SUN Hockey Pool

Bourque to dilute Oil-base

RANDY SPORTAK -- Sun Media

, Last Updated: 8:33 AM ET

There is no question about it, Lac La Biche is Oilers country.

Rene Bourque's hometown, some 225 km northeast of Edmonton, is filled with fans of the squad that is now his biggest rival.

It's something he was reminded of after being traded to the Flames from the Chicago Blackhawks earlier this summer.

"There's a few Calgary Flames fans, and I'm sure there will be more now," Bourque said yesterday.

"I'll have to give hats to the kids in junior high and grade school before it's too late for them."

That can be a plan of attack next summer for Bourque, one of the five Flames newcomers officially introduced to the Calgary media yesterday.

Between then and now, though, the 26-year-old left winger has bigger issues to sort through.

The most important being where he fits in with his new team.

Sure, his role on the Flames will take time to sort out, and can't begin to be decided until training camp begins next month, but like so many others, he's tried to jot down a depth chart to see where he'll be skating.

"It's easy to think the first line will be (Daymond) Langkow, (Michael) Cammalleri, (Jarome) Iginla -- that's me guessing, so there would be a spot on the second line," Bourque said.

"I want to play my best and get the chance to play the most minutes and if I can be on the second line, that would be a good deal."

"I'm sure I'm going to get a chance to play quite a bit of minutes.
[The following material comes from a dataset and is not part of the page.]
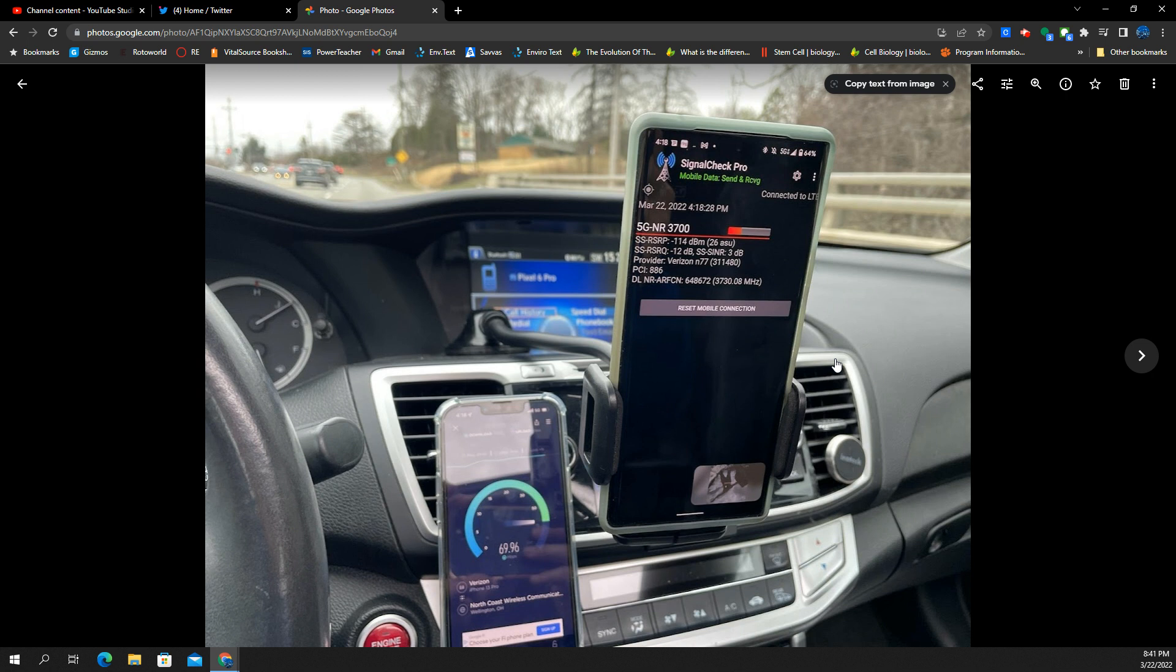So far, so good. But more testing. All I want is for it to be competitive with the Galaxy S22 and the iPhone. That's all I want. As long as it's competitive, we're winning as customers. We can have options. I don't have to have a Galaxy or an iPhone to have good cellular performance. I can have a Pixel too.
There are a lot of forwards on this team and I'm sure everybody will have their role."

Based on his projected top line, that leaves a second line anchored by Matthew Lombardi at centre and Todd Bertuzzi on right wing. Which means an opening to battle for on left wing. Curiously, Bourque's natural spot.

But don't for a second believe he thinks it's a foregone conclusion.

After all, Bourque's career appeared to be on such a quick climb when he compiled 16 goals and 34 points in a strong rookie season in 2005-06, but injuries limited his production in both of the last two campaigns, and saw his spot in a key role with the Blackhawks slip away.

"It was tough. I had a pretty decent rookie season and then had a lot of injury problems -- a broken ankle, my neck (he was cut by a skate and nearly died), and last year my hand -- and it was tough for me to come back," he said.

"And it seemed my position with the team seemed to be slipping every time I got hurt.

"I'm pumped to get a fresh start."

Also vying for that second-line, left-winger post is another of the skaters on hand yesterday, Curtis Glencross.

Known mainly for his speed and two-way game, the 25-year-old wasn't pegged to be a scorer at the NHL level, but last year managed a solid 15 goals and 25 points in 62 games split between the Columbus Blue Jackets and Edmonton in his first full NHL season.

"I'm just going out and play my hard, gritty game, and wherever the coach best decided to play me, that's where I go," he said.

"Hopefully we can put some points on the board. I had a good finish to the season last year and hopefully I can come and start the same way this year.

"I've always felt I could play and if given an opportunity to play -- it was more of a run-and-gun game in Edmonton compared to being in Columbus, there it's more structural -- and I think that helped me."

One player who has no doubt what his role will be is enforcer Andre Roy, but that doesn't mean he's not feeling the butterflies as camp approaches.

"It's gonna be different. I'm excited," he said. "I don't know what to expect. I'm a little nervous, too, even though I've been to a lot of camps.

"The way I finished in Tampa is not the way I wanted to, and I think a change of area will be good for me. A hockey mood like it is here is a perfect scenario for me."

Having amassed 1,086 penalty minutes compared to 32 goals over his 471 NHL contests, Roy isn't going to suddenly turn into a prolific scorer.

However, he's aware head coach Mike Keenan wants his policeman to do more than just drop the mitts.

"I know my role, but it's fun to contribute (offensively) once in a while. I've put up a couple numbers -- for my role -- and to contribute more than just get in a fight and sit down is good," he said.

"It makes you feel part of it. Even in games with no fights, I can get a big hit and get the team going, the crowd going. I think if I do that, Mike will give me a chance to contribute a little more."